たとえ、この恋が罪だとしても
「ずっと、ずっと、あなたのことはもう忘れなければいけない、と思ってました。安西さんにとってわたしは、もう遠い過去になっているはずだって。
それに、本当に、わたし、安西さんみたいなひとには、ぜんぜんふさわしくないし……」
 
 言葉が終わらないうちに、安西さんの手がわたしの頬に伸びてきて、軽くつねられた。

 思わず顔を上げると、目が合った。
 慈しみに満ちた表情でわたしを見つめている。

 初めて会ったときから、わたしを惹きつけてやまない瞳。

 その美しい瞳と見つめ、ようやくふたたび安西さんに会えたことの喜びが、わたしの心を満たしはじめた。

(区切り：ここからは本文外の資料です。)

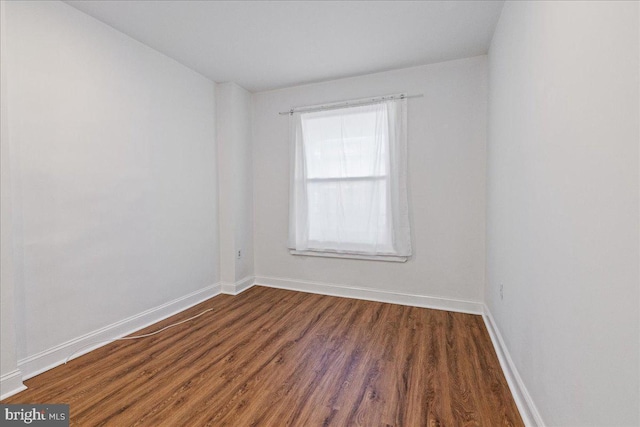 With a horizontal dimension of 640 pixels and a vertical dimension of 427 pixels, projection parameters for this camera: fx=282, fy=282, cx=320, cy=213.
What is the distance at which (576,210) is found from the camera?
3.24ft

「何言ってるんだよ。ふさわしいかどうかなんて、おれが決めることだろう」
 そのまま、わたしの髪を優しく撫でながら、続けた。

「おれが愛する女は、文乃だけだよ」
 そう言ったとたん、安西さんはあわてた顔をして、自分の口を両手で押えた。
 急にどうしたのだろうと思っていると……

「うわ、やば。まじで歯が浮いてきた」と真面目な顔で言う。
 本気であわててる姿が可笑しくて、思わず吹き出してしまった。